Это было в середине 70-х. Однажды зимним днем мы с мамой возвращались домой из магазина, и вдруг рядом с юзом остановился горбатый "Запорожец". И в нем сидели две пьяные бабки - можете себе представить? Причем одна из них - за рулем. Даже сегодня, когда людей сложно чем-то удивить, такое странное зрелище определенно вызвало бы шок. Каюсь, в силу своего сопливого возраста я не сразу сообразил, что старушки - в откровенные "щи": меня больше занимал сам "горбатый", который и в советское-то время был редкостью на дорогах. Но потом я разглядел пассажирок получше. Они сидели в машине, прямые как палки, тупо глядя прямо перед собой немигающими водянистыми глазками. Бабка-водитель, продолжая глядеть вперед, отвинтила стекло вниз. Мама только сунула нос в салон, но сразу же отвернулась и замахала перед лицом рукой - фу!
- Нинка!.. - сказала она с упреком. - Господи!.. Аня!.. Что ж вы делаете? Как вам не стыдно!? Зима, снег, скользко, а вы за рулем, пьяные! Ладно, сами убьетесь, вас не жалко - людей поубиваете!

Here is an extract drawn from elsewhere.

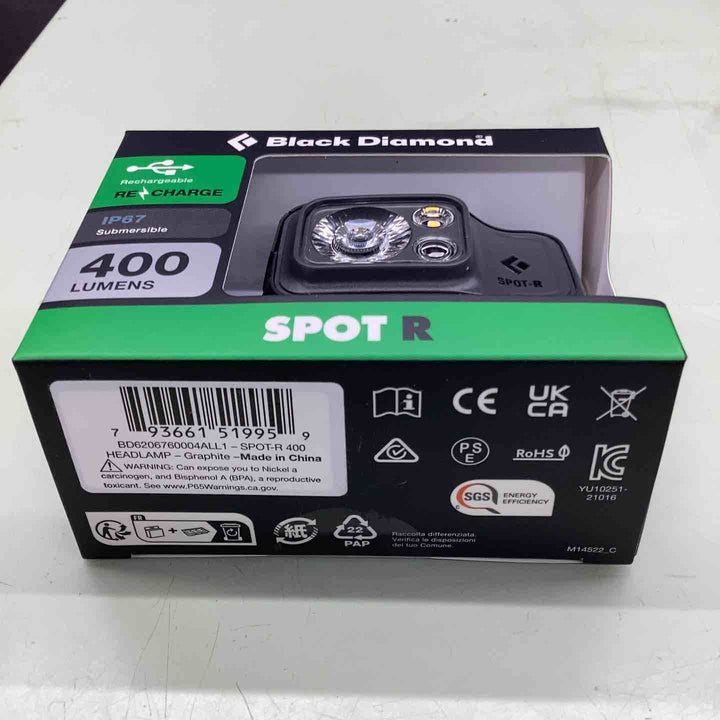 Black Diamond スポット400-R グラファイト【越谷店】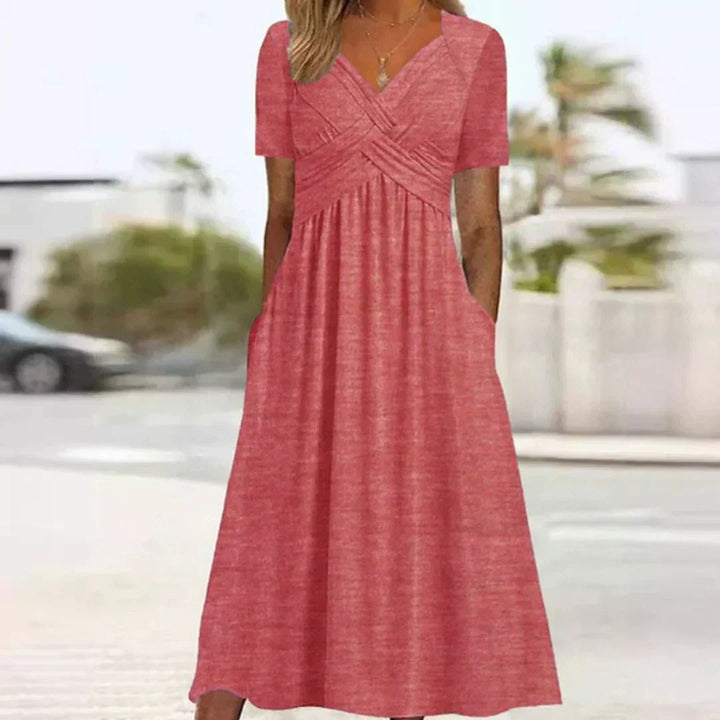 Frances Sophisticated and Flattering Elegance Dress, view 6 - Elena Harper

- Ик! - громко ответила Аня и стала медленно, почти со скрипом, поворачивать голову в нашу сторону. Повернула. Зафиксировала ее в нужном положении. После чего сфокусировала взгляд на маме и снова икнула. Дохнуло концентрированным водочным перегаром и луком. Мама брезгливо поморщилась. - Верочка! - Аня попыталась улыбнуться: - А что такое? Мы едем к вам в гости!
Это была странная пара. Моя двоюродная бабка Нинка и ее подруга Аня. Трезвыми я их не видел никогда. Они всегда приезжали к нам на дачу на голубеньком "горбунке" и привозили с собой ящик водки. Не уезжали, покуда не выпивали всю. Аня играла на баяне, Нинка с придыханием, по-бабьи, пела военные частушки. Как сейчас помню:
Мы с миленочком катались
На военном катере,
Катер на бок повернулся,
Мы к едрене матери.
Или:
Ай ду-ду, ай ду-ду,
Сидит фюрер на дубу,
Я из снайперской винтовки
Ему пестик отшибу.
Даже сегодня, когда людей сложно чем-то удивить, такое странное зрелище определенно вызвало бы шок.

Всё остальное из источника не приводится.